Ce que l’on sait aussi, c’est que dans une primaire interne, c’est le vote des militants qui compte, et que les précédents de la primaire de 2016 – pourtant ouverte aux sympathisants – et du congrès de 2021 ont bien montré qu’il pouvait parfois surprendre. « Ce ne sont pas chez les collègues députés et sénateurs que l’élection se fait. Ceux qui pensent que la campagne électorale se fait dans des salons se trompent, elle se fait sur le terrain », martèle ainsi Aurélien Pradié. Et pour le coup, pas sûr que jouer la carte du renouvellement suffise. Finalement, chez les Républicains, ce qui marche parfois le mieux, ce sont les bonnes vieilles recettes.
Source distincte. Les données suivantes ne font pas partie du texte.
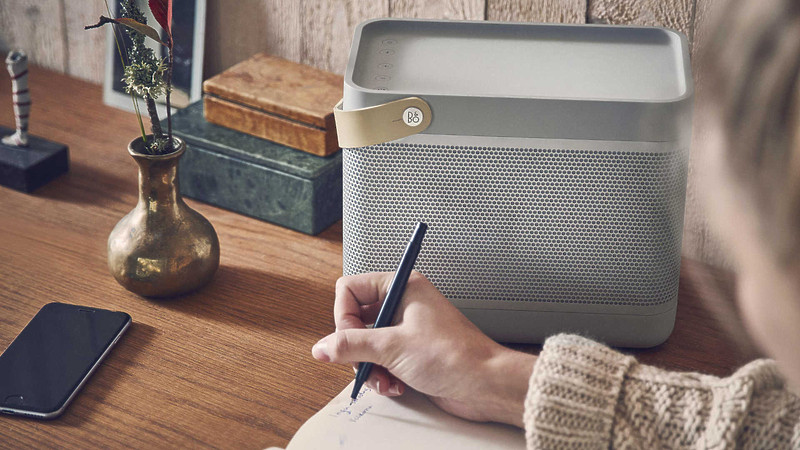 Портативная акустика Bang & Olufsen Beolit 17 Natural артикул 164798Si-1 фото 5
C’est en tout cas ce qui fait peur à Bruno Retailleau, qui aurait, d’après Le Point, envoyé une lettre à Annie Genevard, présidente du parti par intérim qui chapeaute l’élection, et à la Haute Autorité chargée de l’organisation, afin d’alerter sur le risque de « fausses adhésions » à l’approche de l’élection. Après être passé de 150 000 adhérents à jour de cotisation lors du congrès qui avait désigné Valérie Pécresse comme candidate à la présidentielle à environ 50 000 aujourd’hui, l’enjeu est énorme pour toutes les fédérations de France. « C’est difficile de ramener des gens dans les fédés et d’enclencher un engouement après la douche froide de la présidentielle. C’est dur de dire aux anciens militants ‘prenez votre carte, réengagez-vous pour un an, on va tout changer’. Alors il y a du monde quand on fait des réunions, mais c’est toujours les mêmes », s’inquiète une parlementaire responsable d’une fédération importante. Face au désamour militant, la tentation de « faire des cartes » est grande. « Bruno nous dit ‘faites des cartes’», lâche un président de fédération qui soutient Bruno Retailleau, en sous-entendant essayer de faire les choses dans les règles, contrairement au camp Ciotti. « Il y a plus de cartes que d’habitants dans la fédé des Alpes-Maritimes », plaisante un sénateur à la volée. Ce n’est pas encore le cas. Pour le moment.